▶ Excerpted data:
------------------------------------------------------------
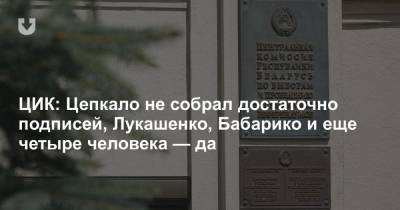 ЦИК: Цепкало не собрал достаточно подписей, Лукашенко, Бабарико и еще четыре человека — да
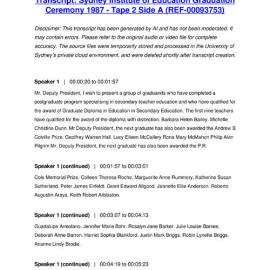 Sydney Institute of Education Graduation Ceremony 1987 - Tape 2 Side A - Transcript
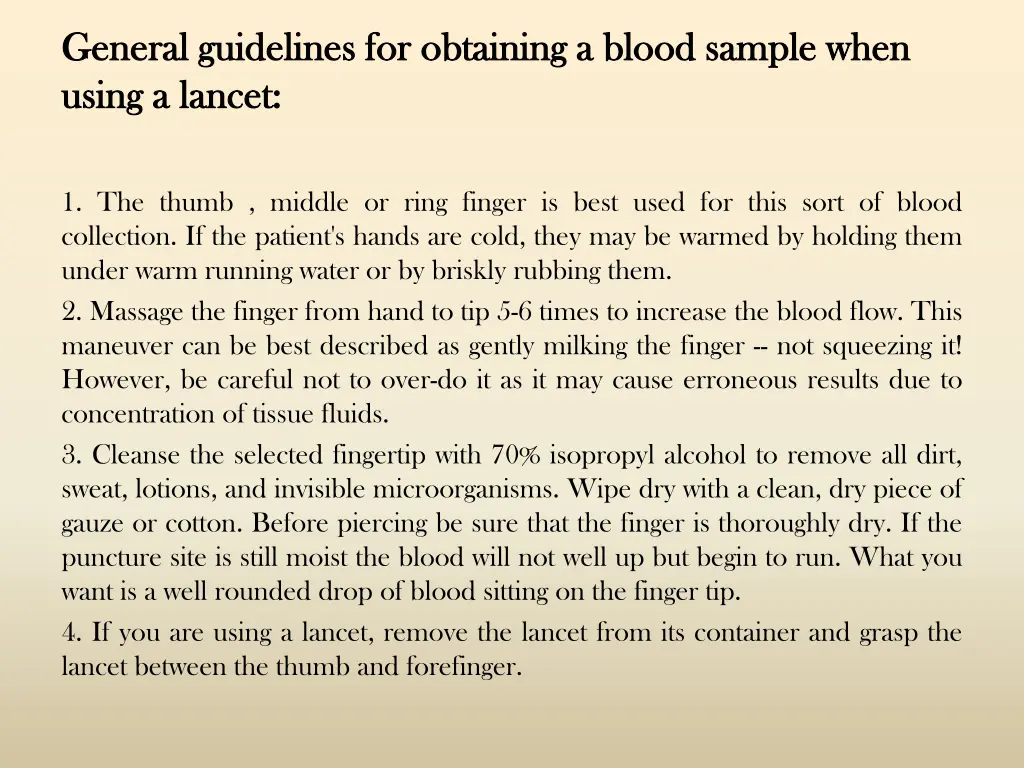 general guidelines for obtaining a blood sample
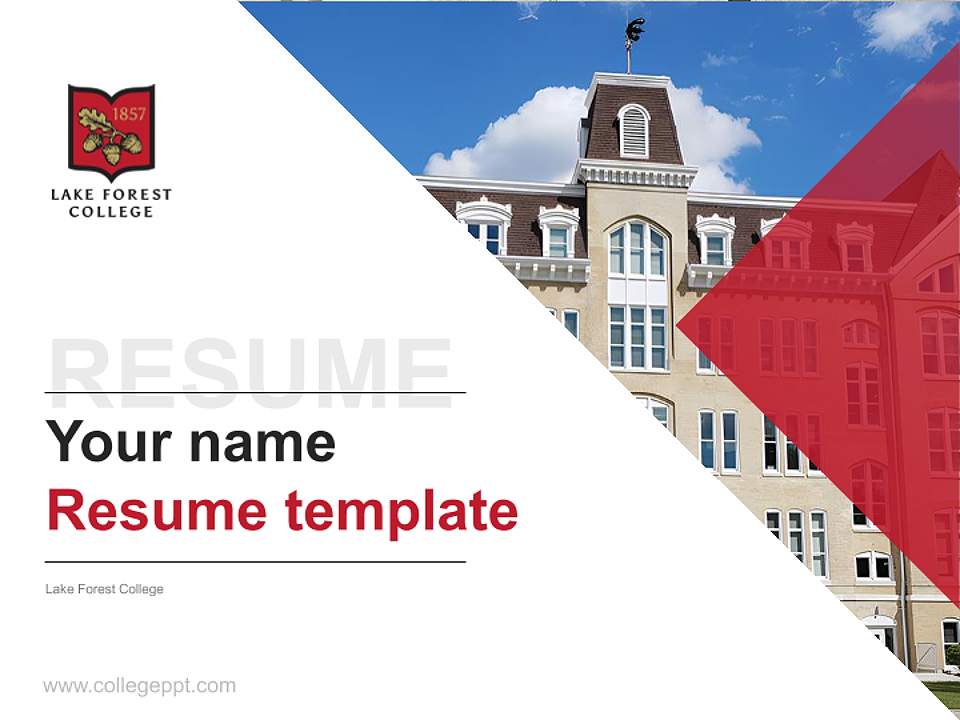 Lake Forest College Resume PPT Template4:3 ratio PPT effect preview image5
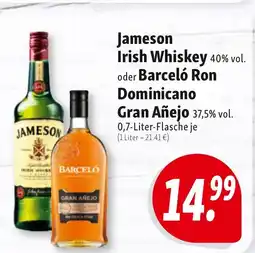 Nah & Frisch Jameson Irish Whiskey 40% vol. oder Barceló Ron Dominicano Gran Añejo Angebot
------------------------------------------------------------
▶ Work order:
Would you repeat the material exactly, keeping out any pictures?

▶ Final answer:
 ЦИК: Цепкало не собрал достаточно подписей, Лукашенко, Бабарико и еще четыре человека — да
 Sydney Institute of Education Graduation Ceremony 1987 - Tape 2 Side A - Transcript
 general guidelines for obtaining a blood sample
 Lake Forest College Resume PPT Template4:3 ratio PPT effect preview image5
 Nah & Frisch Jameson Irish Whiskey 40% vol. oder Barceló Ron Dominicano Gran Añejo Angebot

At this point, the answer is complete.